Важнейшими открытиями для неё были те, которые подступали к решению ключевых проблем «школы для всех»:
– Как найти возможность успешно обучать всех детей без отбора и не унижать человеческого достоинства ни в одном из них?
– Как решать прагматические, исчислимые задачи – и одновременно не преграждать движение духа, рост душевных сил – невидимые, неуловимые?
– Как совместить стремление к событийности, неповторимости учебной жизни, чуткость к происходящему, готовность разворачивать работу от здесь и сейчас складывающихся ситуаций – и необходимую предсказуемость, надёжность в ожидании успеха детей?
Идеи, как утверждал Соловейчик, – «во всяком случае ценные идеи, в педагогике рождаются по необходимости – когда без неё, без идеи, нельзя обойтись. Идеи рождаются не от ума, а от совести». Да и сама педагогика, по соловейчиковскому определению – «наука об искусстве сотрудничать».
Что стоит за этим странным определением – мы сперва и попробуем разобраться.
Соловейчик и Сухомлинский. Два решения «Педагогики для всех»
«Писатель и публицист Симон Соловейчик», – так представляли его обычно. «Я – сочинитель» – определял он себя сам.
Сегодня от этих вроде бы необидных и общеудобных определений приходится отказаться. Нужно выбирать: или просто не замечать Соловейчика, умалчивать о нем – или признать в его лице не только крупнейшего отечественного педагогического журналиста, но и одного из наиболее значительных теоретиков педагогики прошедшего века.
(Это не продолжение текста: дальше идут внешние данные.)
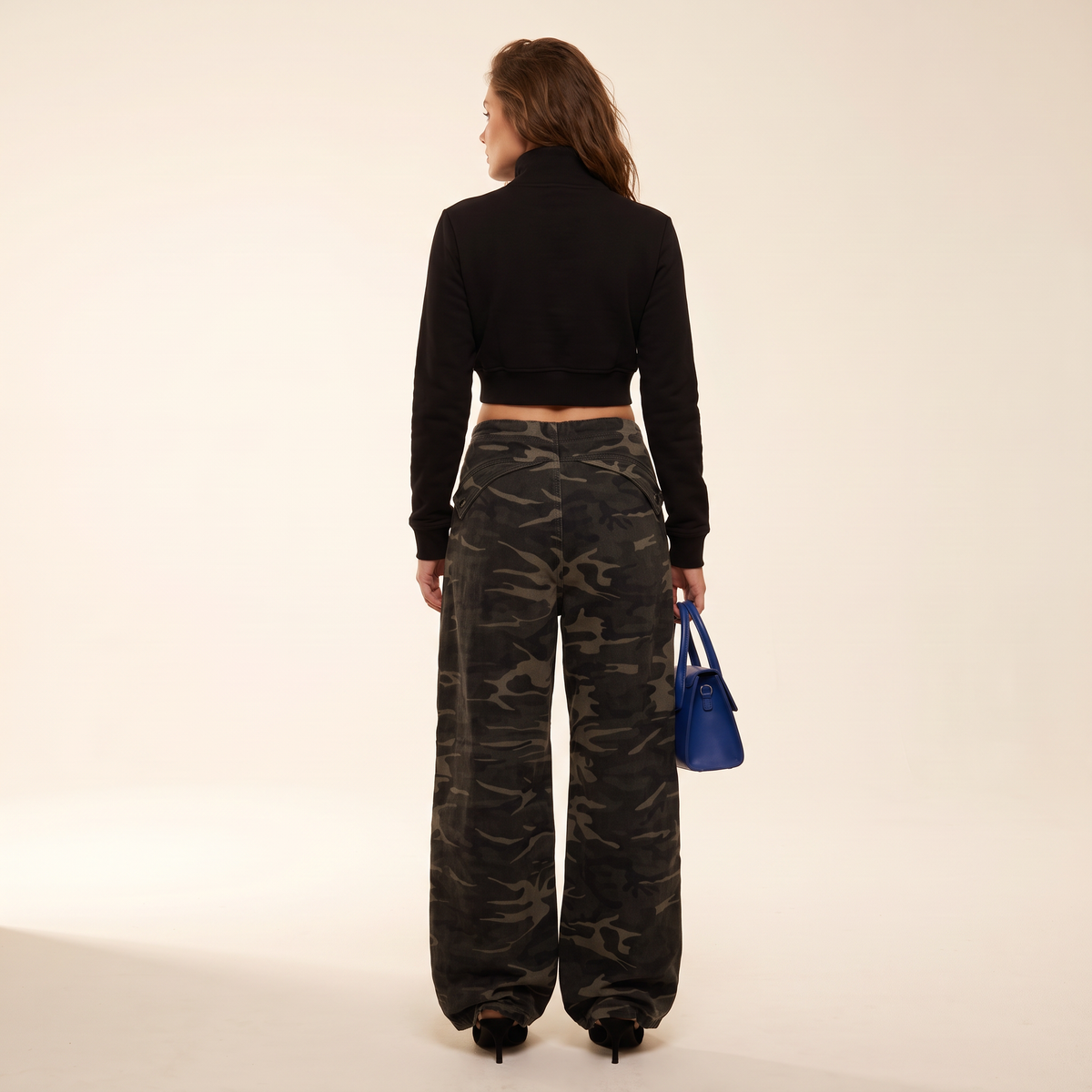 Korrina camouflagejeans met wijde pijpen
Одна из причин, позволяющая «и замечать, и не замечать» Соловейчика, очевидна: главные имена в педагогической классике двадцатого века – имена практиков. А в биографии Соловейчика учительский опыт занял лишь несколько лет. Годы учительства не были для него годами особенных открытий, они лишь позволили яснее оценивать открытия других, превратить «открывание первооткрывателей» в свою профессию.
Но и среди мыслей героев его книг и статей вряд ли какое-либо иное определение было Соловейчику ближе, чем «формула веры» Сухомлинского: «Желание быть хорошим – моя педагогическая вера. Я твёрдо верю в то, что воспитание лишь тогда становится ваянием человека, когда оно основано на культе человеческого достоинства. На том, чтобы человеку неприятно, мерзко было даже думать о себе как о плохом, чтобы ему хотелось быть хорошим, чтобы: это было сокровенное, неискоренимое желание.»